[SPOILER-FREE REVIEW:] "Bruce Wayne meets Clark Kent—I love it!" Most of the world will agree with Lex Luthor's exhortation in Warner Brothers' new monster tentpole movie Batman v Superman: Dawn of Justice. Wayne (a.k.a. Batman) and Kent (a.k.a. Superman) have met before, of course: on radio (1945), in comic books (starting in 1952), and in animation (1973-present). But the two have never before met in movie theaters...until now. And wait a minute...isn't that Wonder Woman? This is not a drill, comic-book geeks.
Batman v Superman is, more or less, a direct sequel to Man of Steel and, as such, tips to Superman as the protagonist and Batman as the antagonist.

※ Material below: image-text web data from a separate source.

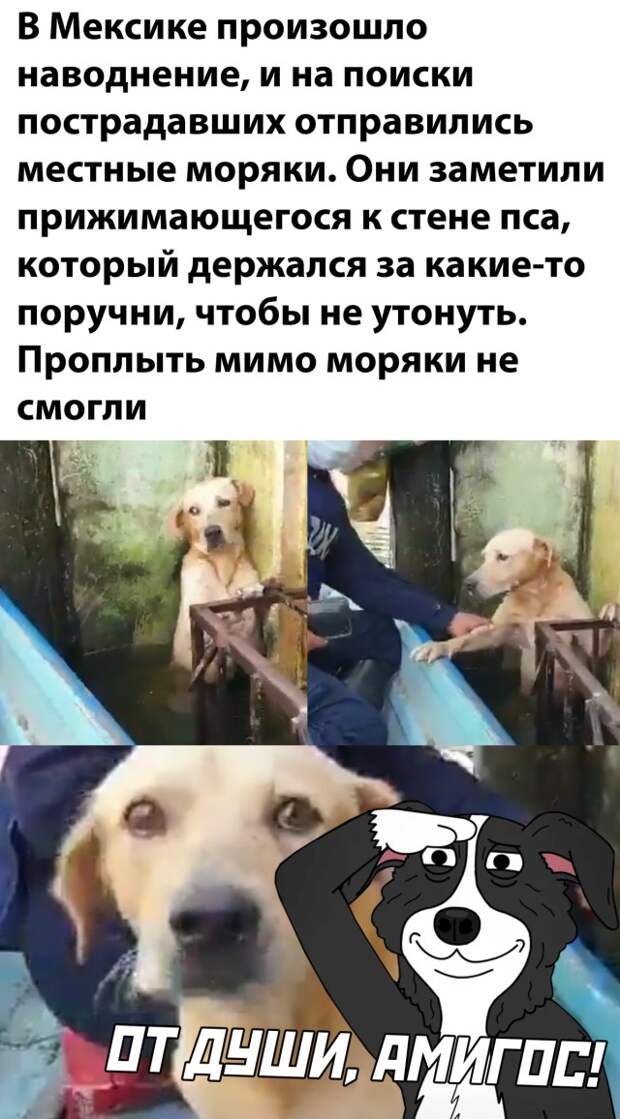 Моряки спасли собаку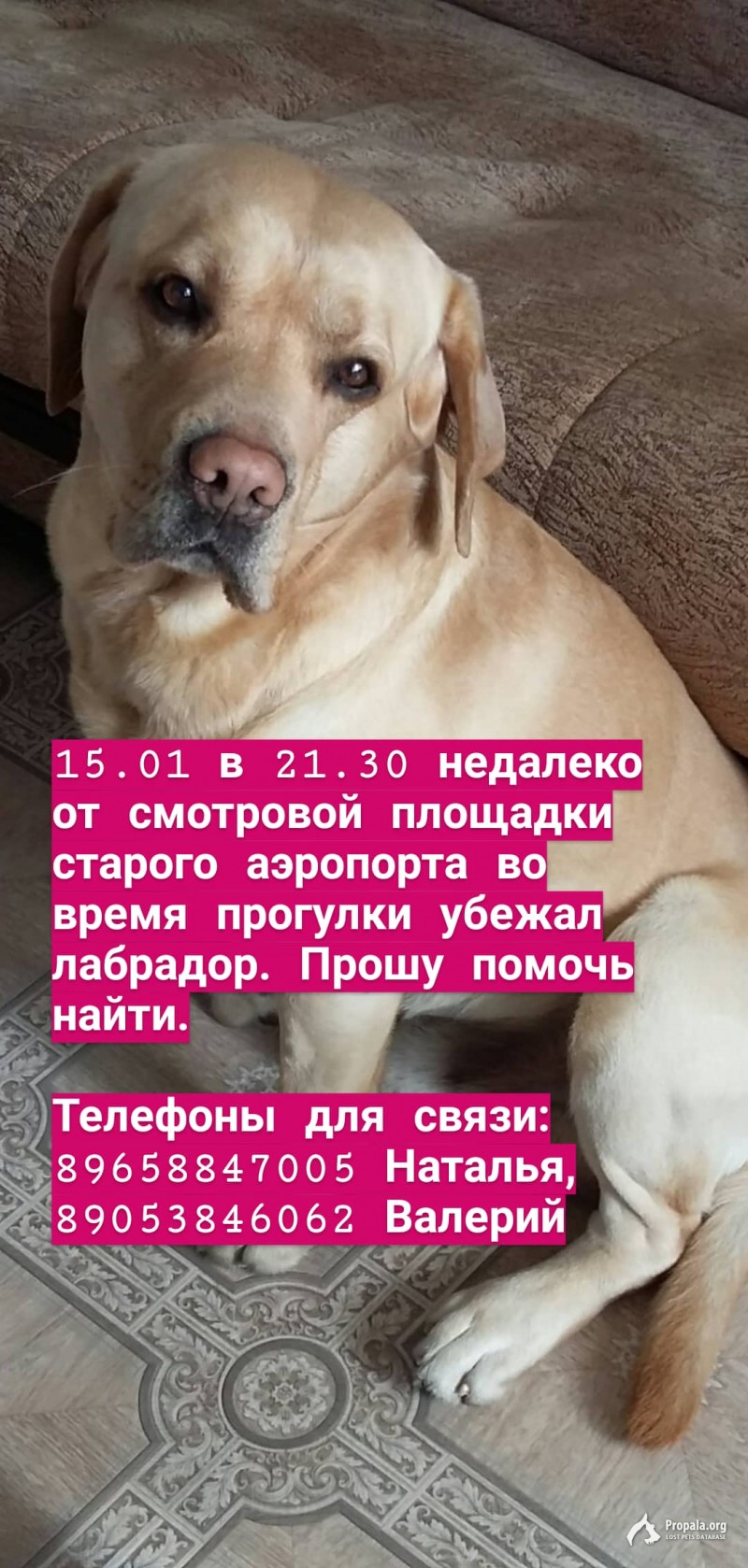 Пропал лабрадор!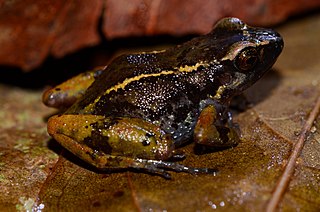 <i>Arthroleptis taeniatus</i> Species of frog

Playing off of fan reactions to Man of Steel's devastation and Superman's arguable corruption, Zack Snyder's sequel pits Superman (Henry Cavill) v Batman (Ben Affleck) as two sides of the vigilante coin, neither ceding accountability to any authority but his own, and both fielding nagging, if quickly sublimated, self-doubts about certain of their choices. Egged on by murky external forces, each hero lay plans to contain the other until, inevitably, a more sinister threat forces them to join forces. (And wait a minute...isn't that Wonder Woman?) If Man of Steel dragged Superman—in tonal terms—into Christopher Nolan's world, Batman v Superman drags Superman into Batman's world: a dark, dour, brooding space defined by shadows literal and figurative. Somewhere, Tim Burton is chuckling, "They fired me for being too dark? Man, things have changed."
At one point, Batman's trusty butler Alfred (Jeremy Irons) mutters, "How best to describe it?" and critics now face the same task. Opinions will vary based on the filter applied to the film. Should we judge it as serious film, as movie entertainment, or by how it adapts its comic-book source material? There are cases to made in favor of Batman v Superman by all yardsticks, though not in equal measure. There can be no argument about the film's epic scope, and that Snyder has a lot on his plate here, making it (and the audience of diners) stuffed but not quite overstuffed. To cap a film-ful of universe-building ("Dawn of Justice" teases that this film ties in to next year's multi-hero Justice League) and mythic imagery that extends to angels and devils, Snyder drops a series of climaxes that bring new meaning to "doomsday scenario."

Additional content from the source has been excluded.